I have a model that is not vectorized, that is I loop over data points in the model
block, compute some datapoint-specific values and parameter combinations, and lastly add the datapoint’s contribution to the likelihood. This works fine for the moment, but it won’t when I increase the size of the data 10- or 100-fold, which is my endgame.
I am able to “weakly” vectorize this model in the sense that I can still do the relevant pre-computation of datapoint-specific quantities in a loop in the model
block, but then bring my target +=
statement outside of the loop, so that it is only executed once per block execution. The question is: is this worth it? Such a rewrite carries its own costs.

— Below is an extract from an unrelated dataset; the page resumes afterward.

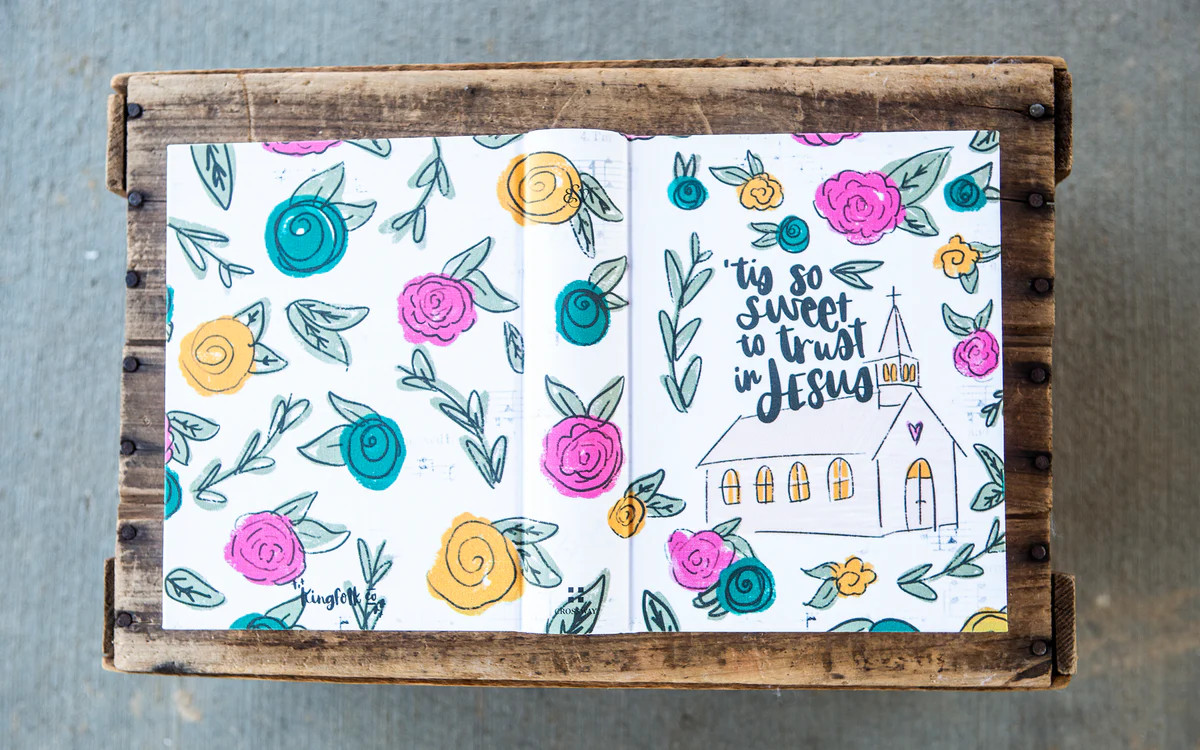 Church Floral ESV Journaling Bible | Kingfolk Co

A toy version of what I’m doing looks like this:
data {
n_points<lower=1> int;
n_entities<lower=1> int;
outcome int[n_points];
entity<lower=1, upper=n_entity> int[n_points];
}
parameters{
ent real[n_entities];
}
model {
...some priors...
for i in (1:n_points)
target += some_scalar_lpdf(outcome[i] | ent[entity[i]]);
}
and the rewritten model block would then be
model {
relevant_ents real[n_points];
...some priors...
for i in (1:n_points){
relevant_ents[i] = ent[entity[i]];
}
target += vectorized_lpdf(outcome | relevant_ents);
}
The question is again, would we expect the refactored code to be significantly faster.